The European Central Bank released the monthly report on April 12, explaining the bank's actions and moves during the past month, starting with the interest rates, which remained unchanged at 1.0% for the fourth consecutive month as the Governing Council expects inflation to remain above 2.0% in 2012. ECB members didn't discuss rate changes this meeting as well.
The European Central Bank Governing Council kept rates unchanged at 1.00% for the fourth consecutive month in order to support the euro-area economy and as the Bank expects inflation to remain above 2.0% in 2012, accordingly the bank attempts to set the policy to balance growth and inflation at the same time.
The European Central Bank sees that inflation is likely to remain above the target of 2.0% as upside pressures on prices prevail. However, over the medium-term risk to inflation remain broadly balanced, while the ECB has all the tools available against inflation, but still the pressures are to ease and inflation will fall below the target early in 2013.
In regards to growth, the ECB sees that downside risks remain evident on the economic outlook, driven by the narrowed balance sheets; however, the economy will recover gradually this year awaiting the non-standard measures, which are temporary in nature, to start taking positive effect.
The ECB will carefully monitor developments in the euro-area region, where so far the measures provided by the bank helped the stabilization of environment, while economic indicators confirm those signs of stabilization, yet as mentioned earlier downside risks remain evident as the austerity adopted will weigh significantly on growth.

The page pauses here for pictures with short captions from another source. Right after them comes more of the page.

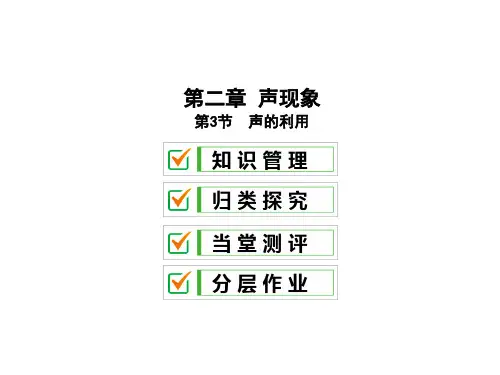2.3 声的利用—2020秋人教版八年级物理上册课件(共30张PPT)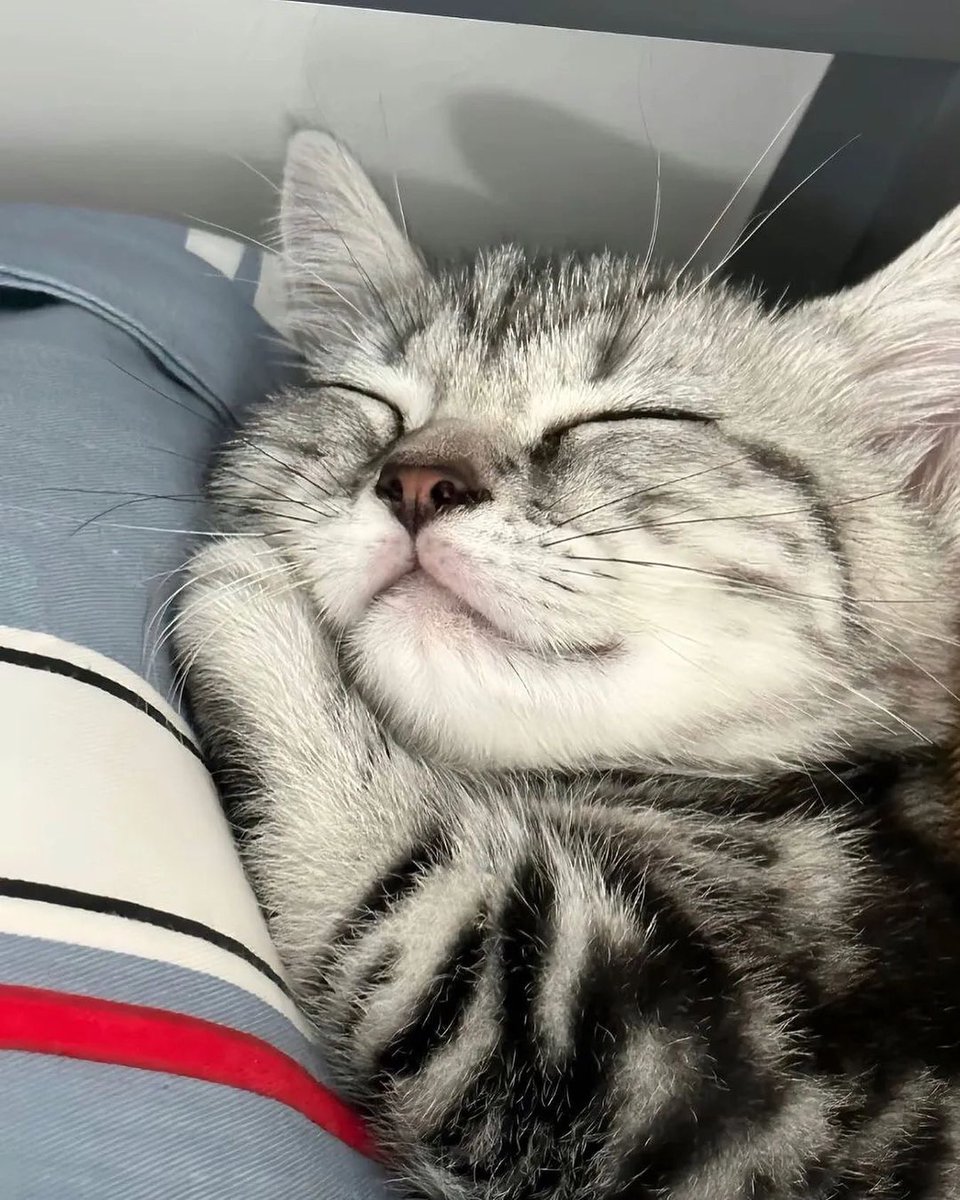 NoCatsNoLife_m's tweet photo. https://t.co/IJ1zAX6yDV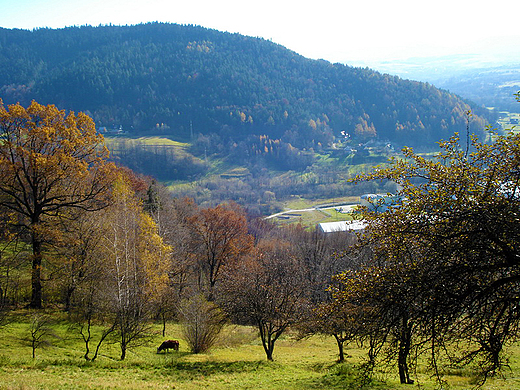 widok na Papro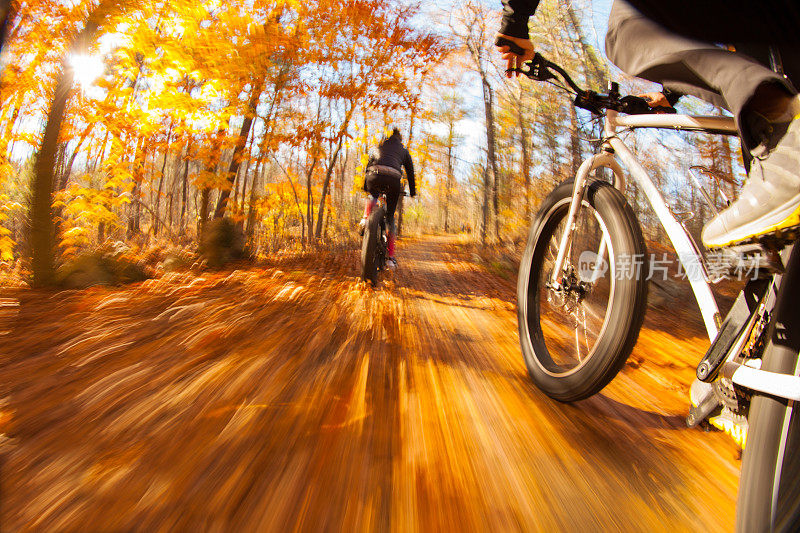 一对夫妇在秋天的小路上骑胖自行车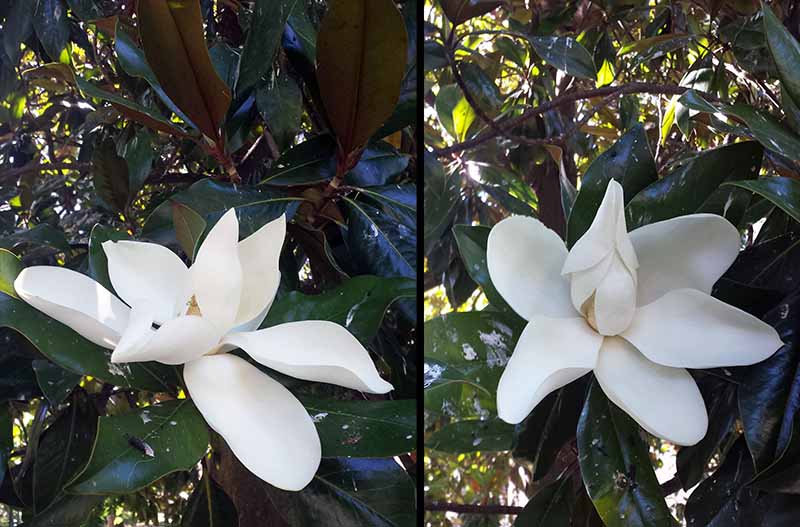 Magnolia grandiflora Linné, 1759 #46237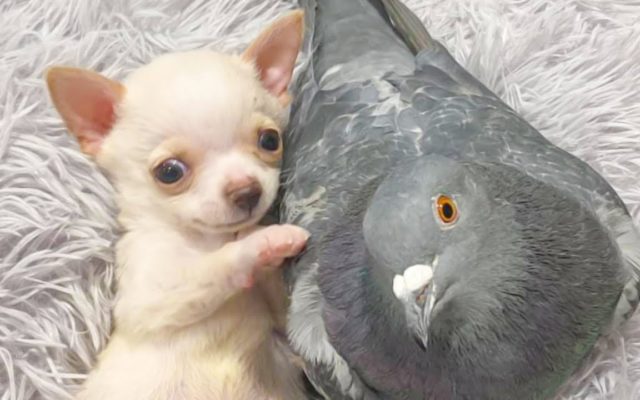 The Puppy That’s Best Friends with a Pigeon Just Got a Custom Wheelchair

Funding conditions for European banks improved after the second round of Long-Term Refinancing Operations (LTROs), where these operations supported the financial sector to avoid a credit crunch and also spread relief among weak banks. The president called on banks to retain earnings to strengthen their capital, a step that will help in fighting the debt crisis.
The President of the ECB called earlier on Governments, demanding every single nation to implement strong reforms to control the deficit, where European nations must fully meet responsibilities and cut deficits, as the European Central Bank cannot target a single nation with the monetary policy, but the bank is concentrated on the euro area nation as whole.